I’ve been an activist and human rights defender from the age of 15, working on issues relating to gender equality youth voice. In that time, two things have become clear. Firstly, the idea of youth participation and consultation is beginning to move into the minds of decision makers, especially following the Year of Young People. Secondly, despite this enthusiasm, many still feel out of their depth and we are still some way off meaningful youth participation.  

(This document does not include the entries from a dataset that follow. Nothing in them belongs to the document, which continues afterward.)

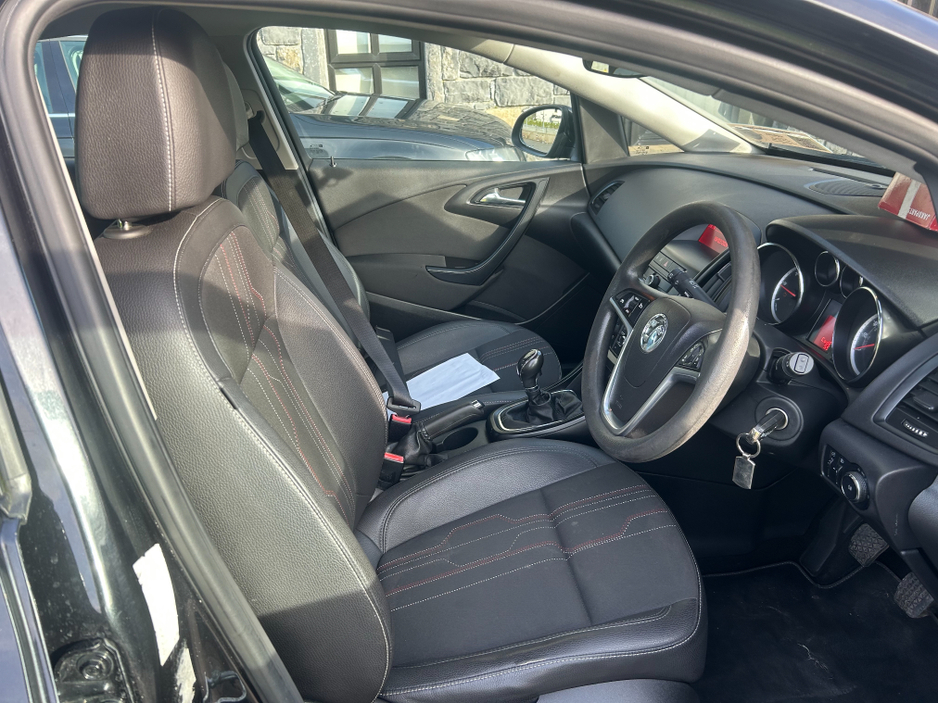 2012 Vauxhall Astra 1.7 CDTI ECOFLEX 5DR €3,895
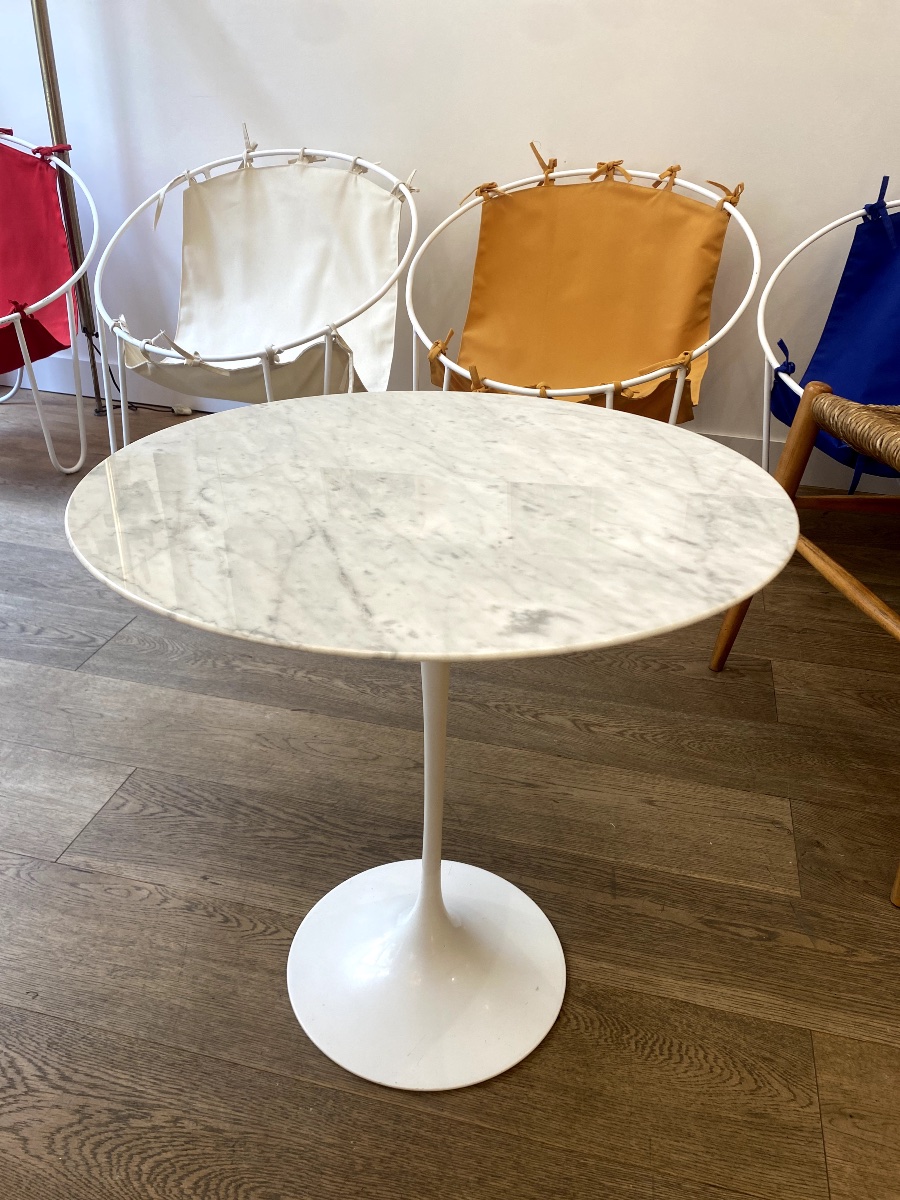"tulip" Side Table - Statuarietto Marble - Eero Saarinen, For Knoll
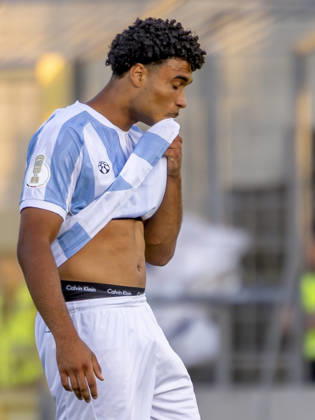 München, Deutschland 22. August 2026: DFB-Pokal - 2026 2027 - 1. Runde - TSV 1860 München gegen Holstein Kiel Im Bild: Arian Ortivero Calderon (TSV) DFB DFL regulations prohibit any use of photographs as image sequences and or quasi-video Grünwalder Stadion Bayern Copyright: xFotostandx xSchäferx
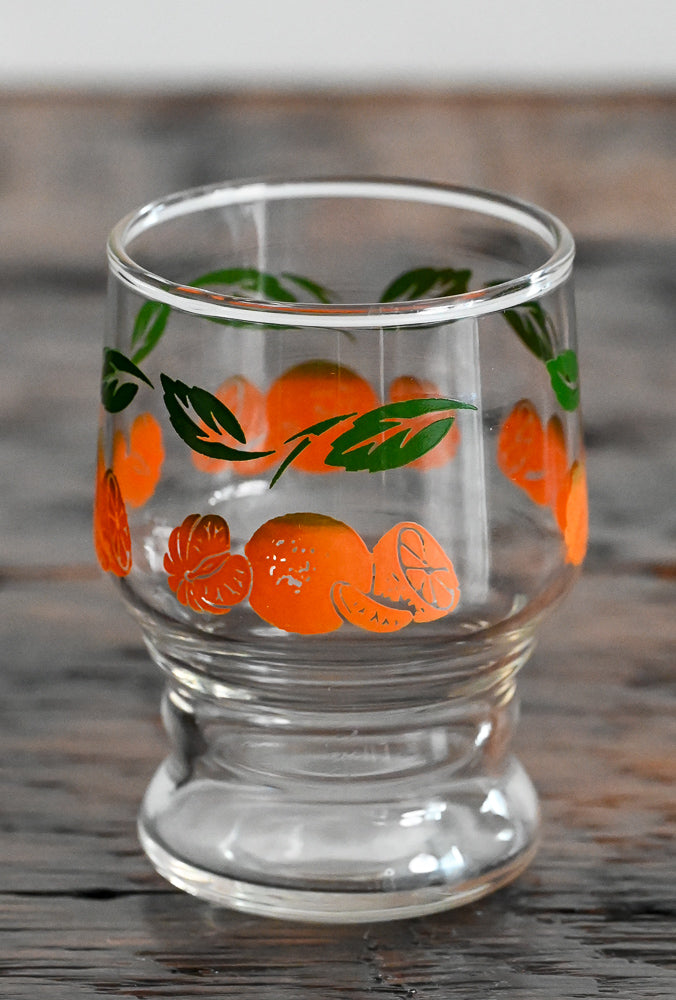 Anchor Hocking oranges and green leaves print juice glass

So whether you’re a minister, youth worker or just here for some light reading, here’s some advice on how to take young people seriously.  

  • Listen  

It sounds simple, but it’s essential. In many areas of life young people aren’t listened to because they don’t have any power and aren’t in a position of authority. So if you want to engage young people, you need to give them space to talk and actually listen to what is being said. This doesn’t mean that every word that a young person breathes deserves an automatic standing ovation. What it does mean however, is that when young people speak up, their ideas should be of no less value because they came from the youngest person in the room.  

  • ‘Experience’ isn’t defined by age 

Young people are often told that we don’t have enough “life experience” to have valid opinions. However, young people have a wealth of “life experience”— from leaving school, to having families, to working. Just because someone is younger, that doesn’t mean that they’re any less capable. Young people have unique experiences and contributions to make because we are younger; we see the world through a different lens because it treats us differently.  

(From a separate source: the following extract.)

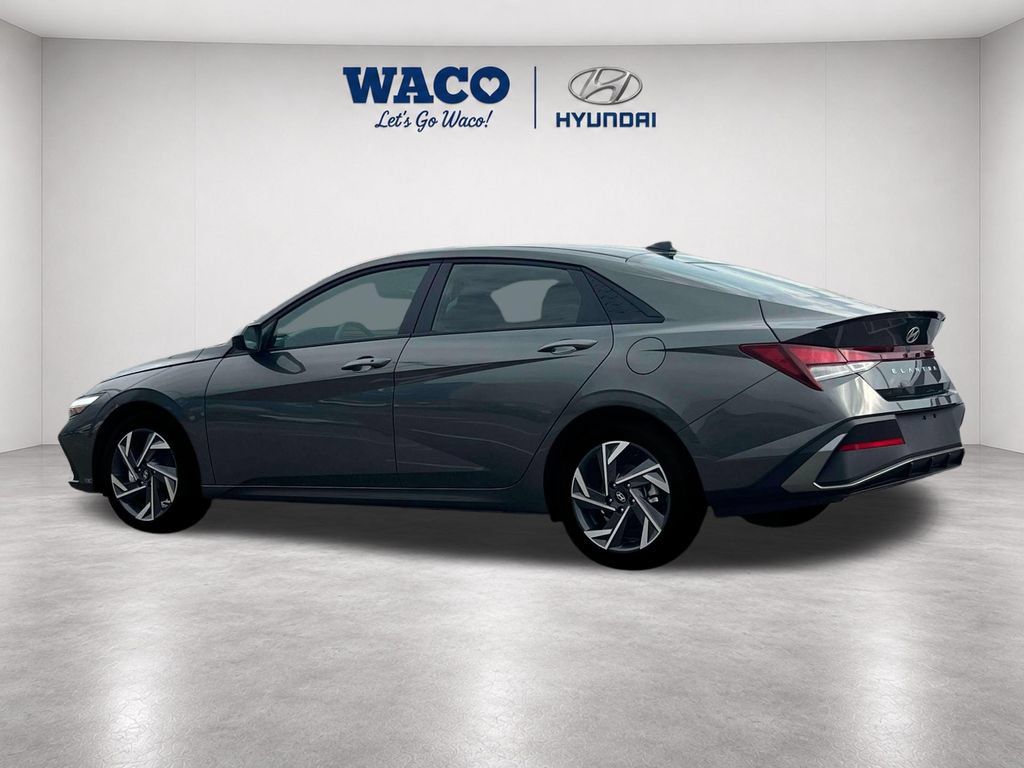 Used 2025 Hyundai Elantra Sport FWD image 4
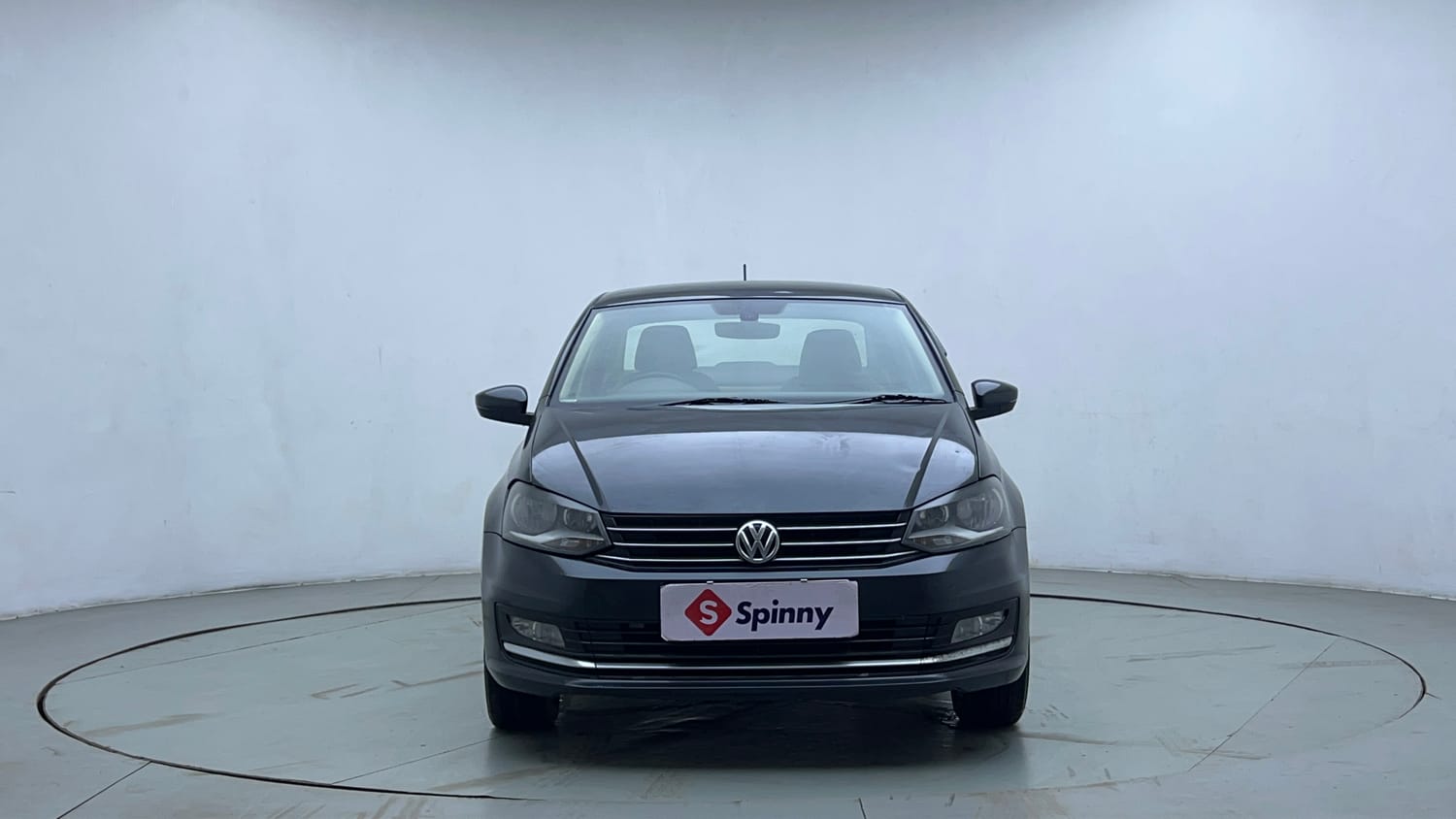 Used 2016 Volkswagen Vento Highline Petrol AT Petrol Automatic exterior FRONT VIEW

  • Young people aren’t all the same   

If you read the typical article about young people in the media, you would assume that the “youth” are one homogenous group with identical opinions who spend all day on their phones. This is simply untrue. Young people are so diverse and different, something that is often forgotten. This means that you can’t just speak to a couple of young people and tick the ‘youth opinion’ box. Consultation with young people must be treated like any other consultation— it should be as representative and diverse as possible.  

  • Be flexible 

This is a more ‘technical’ point, but is very important. Engaging with young people does not always fit nicely into a 9-5 working day as young people have school, college, university, work etc. Moving meeting times to weekends or evenings – although it may be a bit of a hassle – means that you are more likely to get young people involved. Simply having more of an awareness of things like exam diets and young people’s lives outside of activism is guaranteed to create more effective participation.  

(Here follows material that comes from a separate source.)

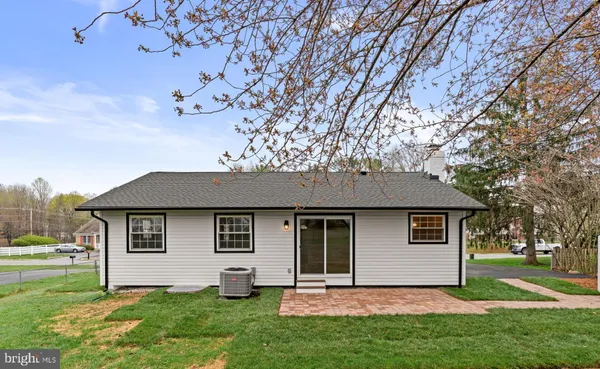 $645,000 | 24320 Log House Road, Gaithersburg, MD 20882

  • Offer your resourcesand expertise 

Navigating the world of advocacy can sometimes be daunting, so don’t underestimate the power that your support can have. Whether that means providing contacts in your own networks, physical resources or even an encouraging message over Twitter, all are ways that you can help to amplify the voices of young people further.  

  • Hand over power  

This one sounds slightly scary but trust me. Some of the most innovative projects that I am part of are ones where power has been handed over to young people. When young people are trusted to make their own decisions, that is when you get the most exciting and inspiring ideas. Don’t be afraid to let young people take control – you’ll be amazed at the results.  

  • There’s no magicformula  

This may seem slightly ironic given the last six points, but stick with me. In so many situations I’m asked, “you’re a young person, how do we engage with young people?” I’ve never been able to give a simple answer because I am just one person. Yes, there are things you can strive towards, but there isn’t a one-size-fits all solution. Meaningful youth participation isn’t a piece of cake. It requires time, patience and slightly different approaches for different groups of young people.  

But don’t let me scare you! Across Scotland there are some brilliant examples of young activists making real change and organisations taking steps to introduce youth participation into their decision making. All it requires is some adjustment in mind-set, to ensure that young people can speak out and that our voices are taken seriously.  We’re not just the future, we’re changing the world now. So people need to listen.